Amis du courrier, bonjour.

Nous voici donc rentré au pays.... Quelle aventure !

J’ai cru comprendre que notre Pelot avait eu des problèmes avec la base... Je n’en suis pas surpris, vous savez, nous les chevaux de Camargue nous avons un sacré instinct pour pressentir les choses ou les événements...
Mais allez donc faire admettre cela à notre grand naïf de poète ...
Heureusement qu’il garde le moral...

Quoi qu’il en soit, nous venons de vivre une aventure formidable et je suis fier d’avoir pu y participer. Je vais essayer de vous donner mon point de vue, bien que, notre vécu ayant été tellement exceptionnel, je crois que j’aurais besoin de beaucoup de recul pour rester objectif.

A Kajaani, nous avons passé des vacances de rêve. Deux adorables jeunes filles à notre dévotion pendant que le pélot était parti préparer la suite du voyage. Je crois bien que j’étais un peu amoureux...
Une région toute en douceur.

Un lac immense, des chemins de rêve et des amis si gentils...
Nous habitons dans une charmante écurie toute en bois, avec litière de sciure de bois toute parfumée, que nos jeunes amies changeraient tous les jours.
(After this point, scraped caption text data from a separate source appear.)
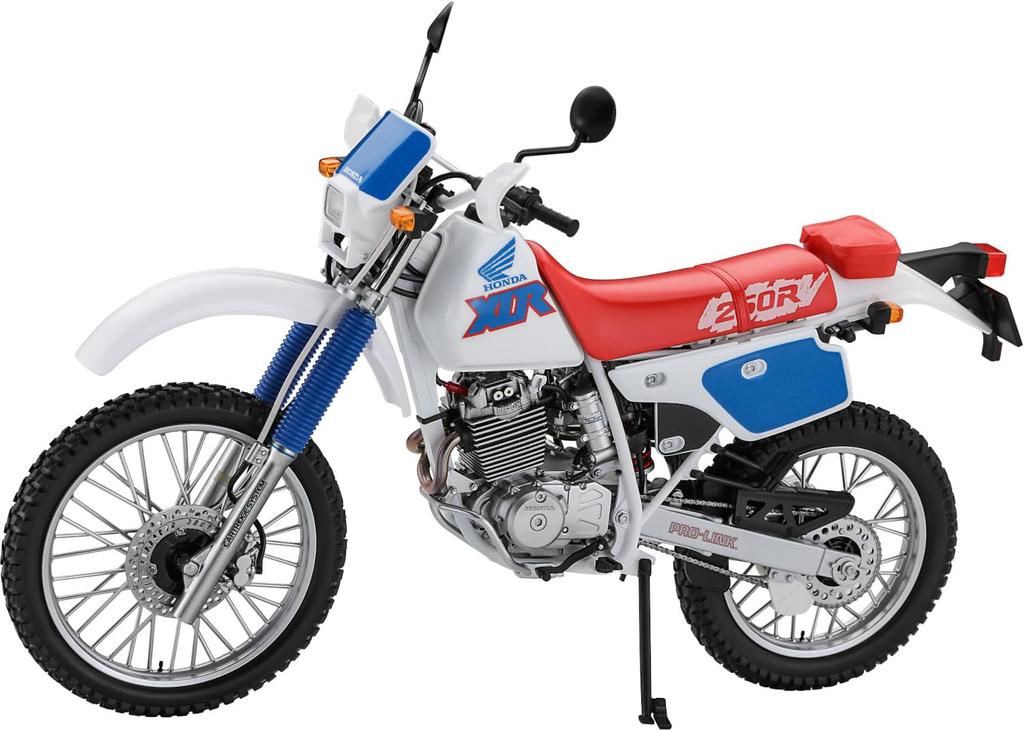Hasegawa Honda XLR250R 1991 Plastic Model Kit BK18 1/12 (MD22) (Motorcycle)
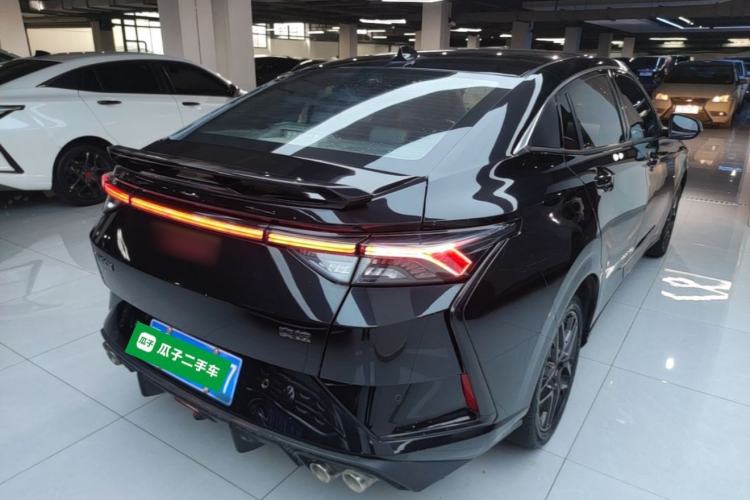 Used Dongfeng Aeolus Yixuan 2021 230T Automatic Zuiying Knight Edition Rear Right 45 Deg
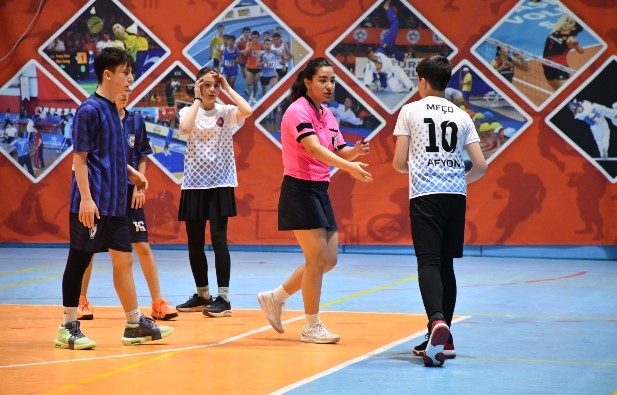 Afyonkarahisar İlk Kez Korfbol Grup Müsabakalarına Ev Sahipliği Yapıyor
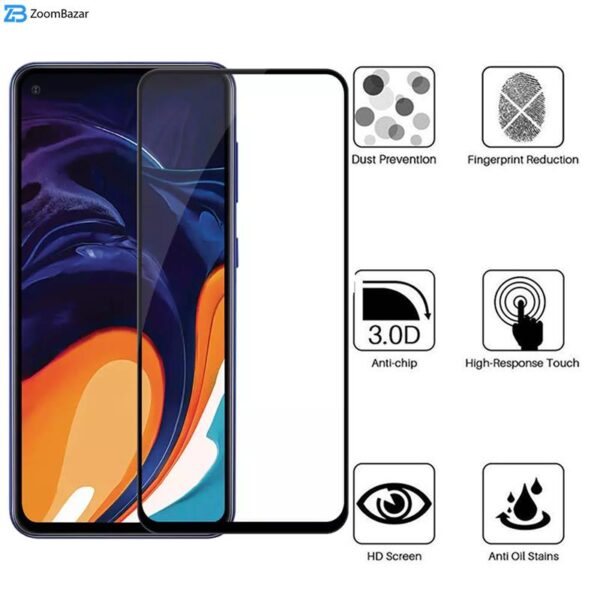 محافظ صفحه نمایش اپیکوی مدل New 5D مناسب برای گوشی موبایل سامسونگ Galaxy A60 / M40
Beaucoup de monde venait nous voir, nous sommes devenus célèbres.

Nous tournons un film pour la télé, peut-être qu’il sera diffusé en France un de ces jours ...
C’est marrant de jouer les stars ...
Notre pelot lui, prends cela très au sérieux, il dit que c’est très important...
Nous on rigole en douce...

A son retour, il est venu nous réveiller pour nous raconter son voyage. A-t-on idée...
Pour se faire pardonner, il nous à donné une ration supplémentaire de foin et d’avoine...
Et force caresses, il était heureux, j’aime le voir ainsi, je me doute qu’il va y avoir du pain sur la planche . Mais il peut compter sur nous.

Ma dernière lettre vous annonçait notre prochain passage au cercle polaire . Nous l’avons franchi.
Bof... Pas de quoi en faire un roman, un tout petit panneau, au bord de la route, c’est tout. Notre pélot, lui, par contre, dans un état pas croyable... il riait, pleurait, nous embrassait, nous félicitait conne si nous avions marché sur la lune... (parfois, je crois qu’il en fait un peu trop... ce grand couillon)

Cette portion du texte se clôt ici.